I remember the feeling going to the labs, connecting to the first analyzer, the emotional rollercoaster waiting for data to arrive. That’s when I understood that this product was more than some lines of code put together. A medical laboratory meant complex dependencies, hierarchies and workflows.
Understanding our mission
I personally understood for the first time the deeper meaning of our work. We were developing a product that could touch many lives in a positive way. And we wanted to keep on doing that.
That’s how our company mission came about. Making lives a bit better. These five little words express just how honored and humbled we are to bring our small contribution to this great purpose: better, affordable healthcare.
On the other hand, working in the healthcare industry is not something that you take lightly. It comes with great responsibility. That’s why it’s a highly regulated space.
We soon realized that our business model had to be built around quality standards and procedures if we wanted a long-term collaboration with this customer. The next step was to understand as well as we could our customer’s business needs.
Finding a sweet spot
The objective was to deliver a service that was so good that we would become indispensable to our customer.

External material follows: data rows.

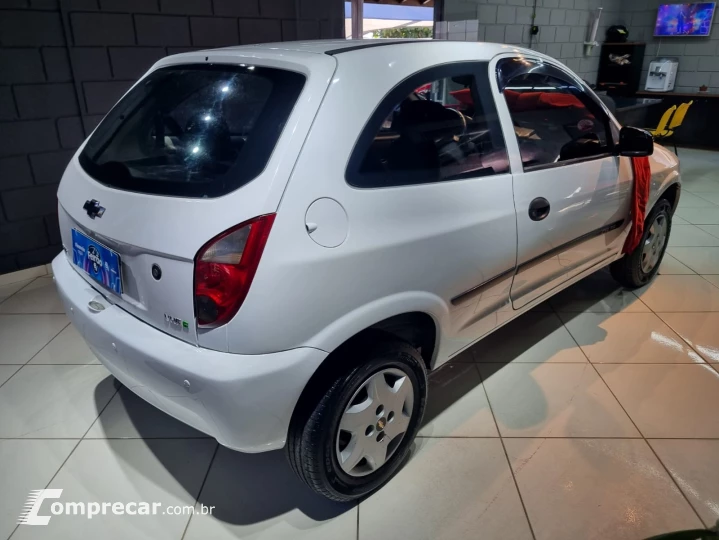 CELTA 1.0 MPFI LS 8V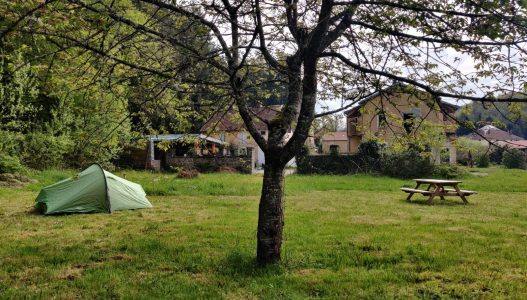 Camping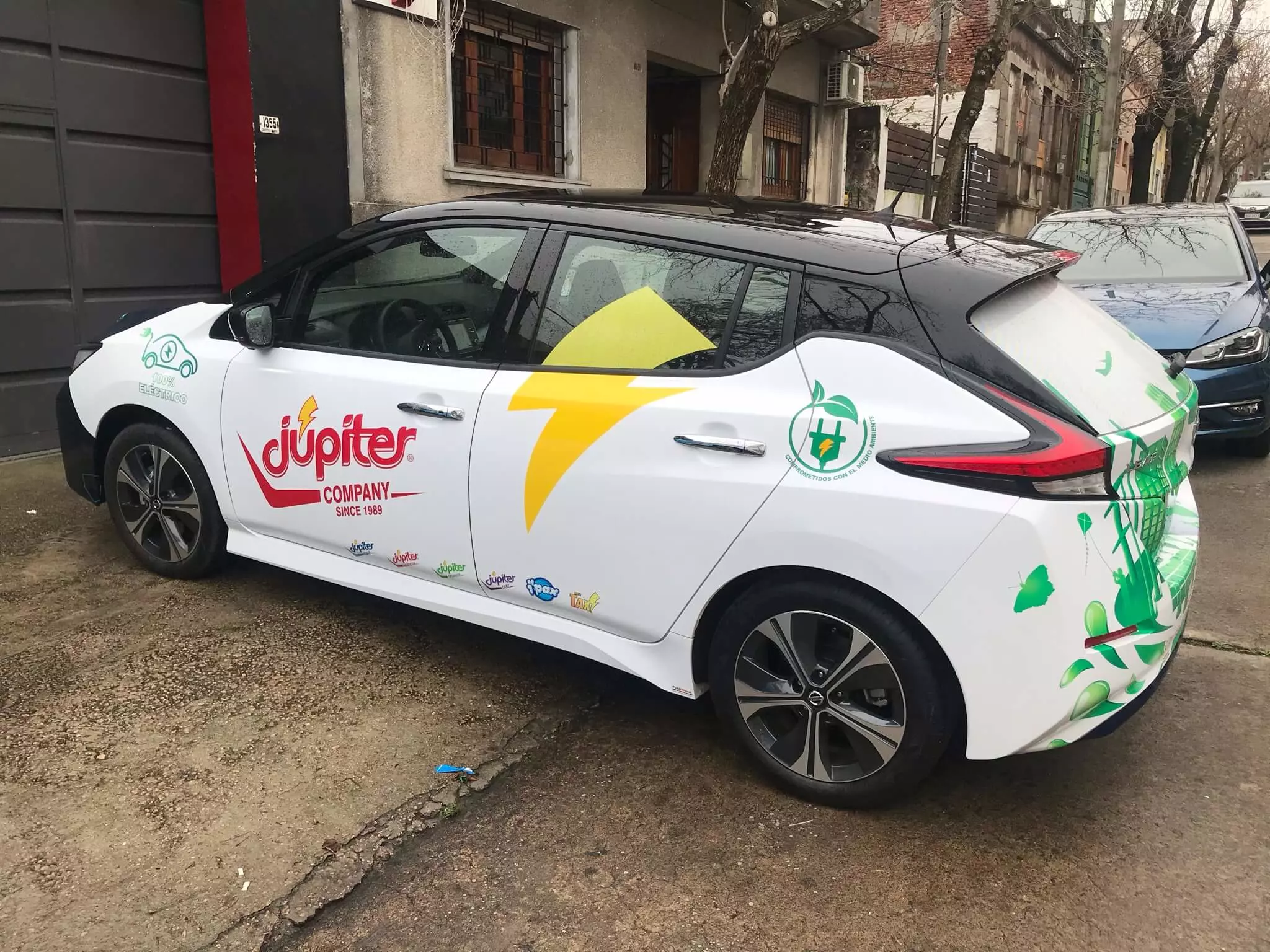 Ploteo de Vinilo de Corte e Impreso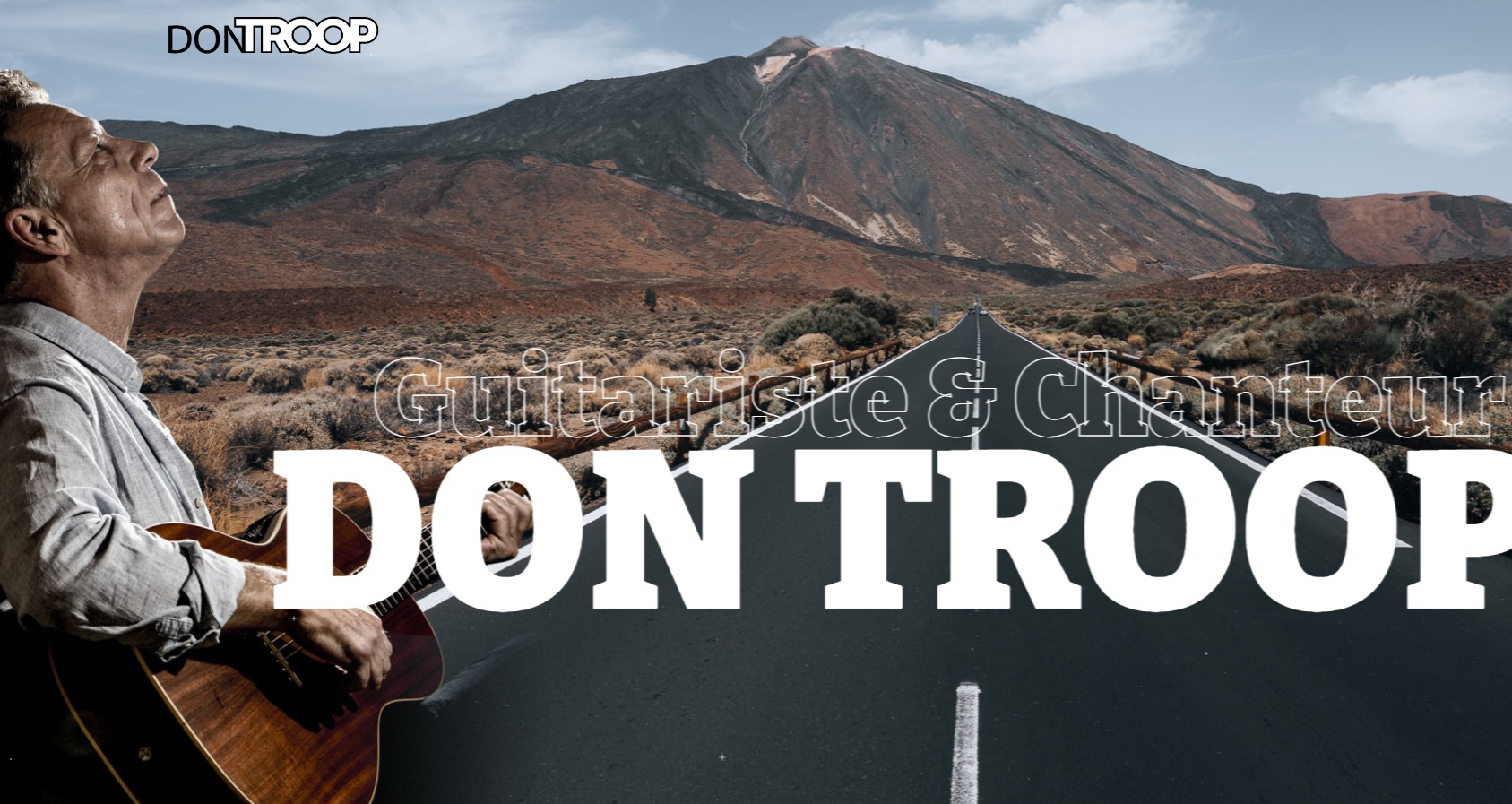 Don-troop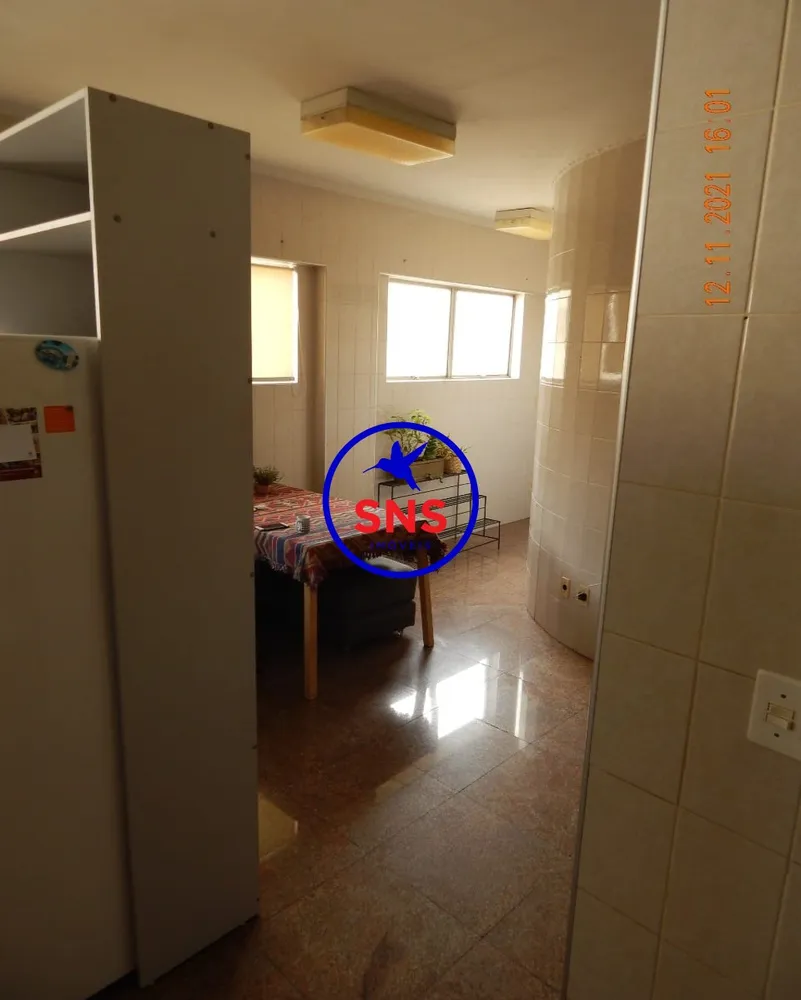 Apartamento, 3 quartos, 214 m² - Foto 8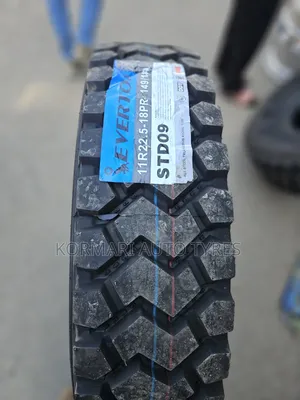 11R22.5 Everton Tyre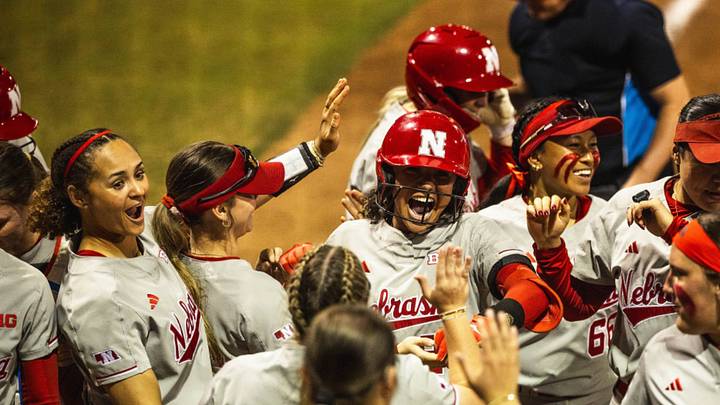 If the 2026 Nebraska softball team feels like a family, it's because nearly half the roster grew up playing the sport together. If the 2026 Nebraska softball team feels like a family, it's because nearly half the roster grew up playing the sport together.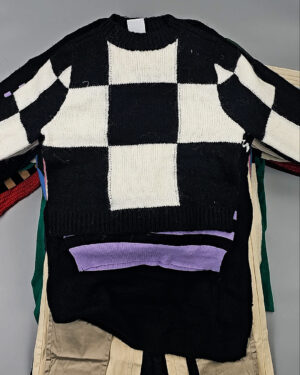 Купить VILA Winter mix 104#15 кг, ЛОТ СТ-10082 оптом в Анадыри и Чукотском АО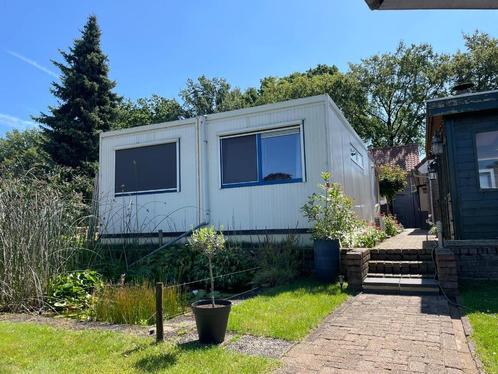 Lichte woonunit 60m2, Doe-het-zelf en Verbouw, Bouwketen en Schaftketen, Gebruikt, Ophalen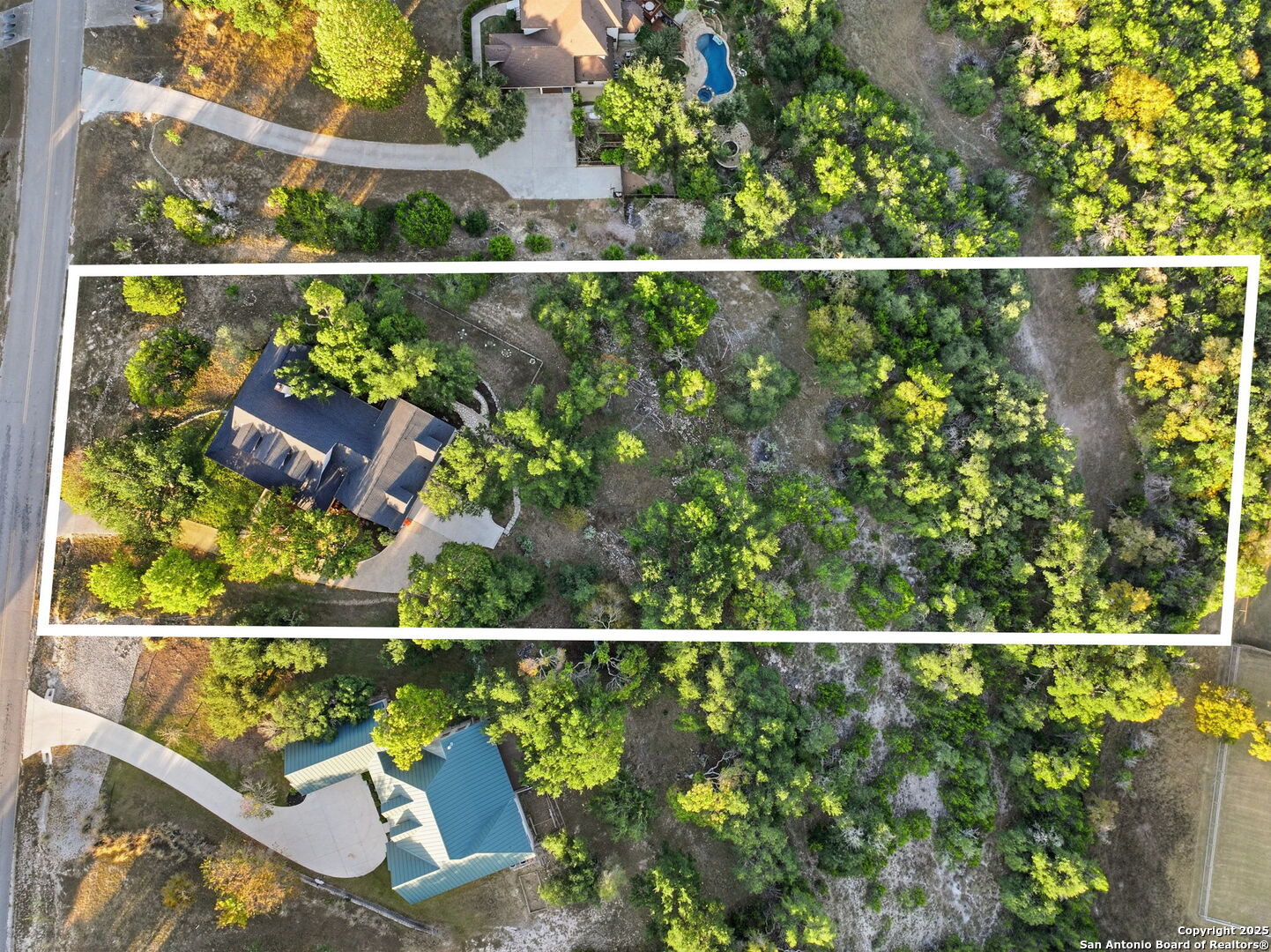 2291 Frontier Spring Branch, TX 78070 - Photo 6 of 58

At that time, Sysmex was focusing on selling analyzers and reagents. They needed know-how on the software development front. We understood this need and decided to fulfill it.
We realized very fast that good software was not enough. We needed to deliver top-quality solutions. We nailed down our priorities:
(1) One of them was to have topnotch requirements engineering
(2) Another one was a rigorous documentation process
(3) And third, we needed a complete testing approach in order to control quality and eliminate bugs before the products being released
The development process we built in those days was later implemented and further developed by Sysmex within their own technical department.
The turning point
A turning point in our business relationship with Sysmex was a meeting held in Hamburg, in 2005, called by them “The Regional Initiative”. At that time Sysmex was having two R&D centers. One of them was a company from Tallinn, Estonia, called Systek. The other one was RomSoft.
In that meeting, the two centers presented their work strategy and business philosophy in front of the Sysmex management.
Our strategy was based on the following key-points:
We understood that a structured and methodical development process was best suited for our client’s needs. Sysmex was catering to medical analysis laboratories all over Europe. These labs were starting a complex automatization process of their functional workflows – so their information systems would revolve around heavy data processing and a highly structured lab hierarchy.
With these prerequisites in mind, we thought that a waterfall development process would be preferable to agile methodologies, with strong emphasis on source code documentation and requirements engineering.
Emphasis on quality
Having an ISO 9001 certified quality management system by Moody International and a TGA-DAR accreditation obtained in Germany were competitive edges that we wanted to use to our advantage.
We needed to layout a solid base that would sustain an organic development for us as a company, and for the growing software development needs on the client side (both in size and complexity) in the future years.
Sysmex Europe itself was going through some profound transformations. They understood that they couldn’t limit to just being a distributer of analyzers and reagents. On those analyzers, they had to incorporate a highly performing software to manage all flows of data in a diagnostics laboratory.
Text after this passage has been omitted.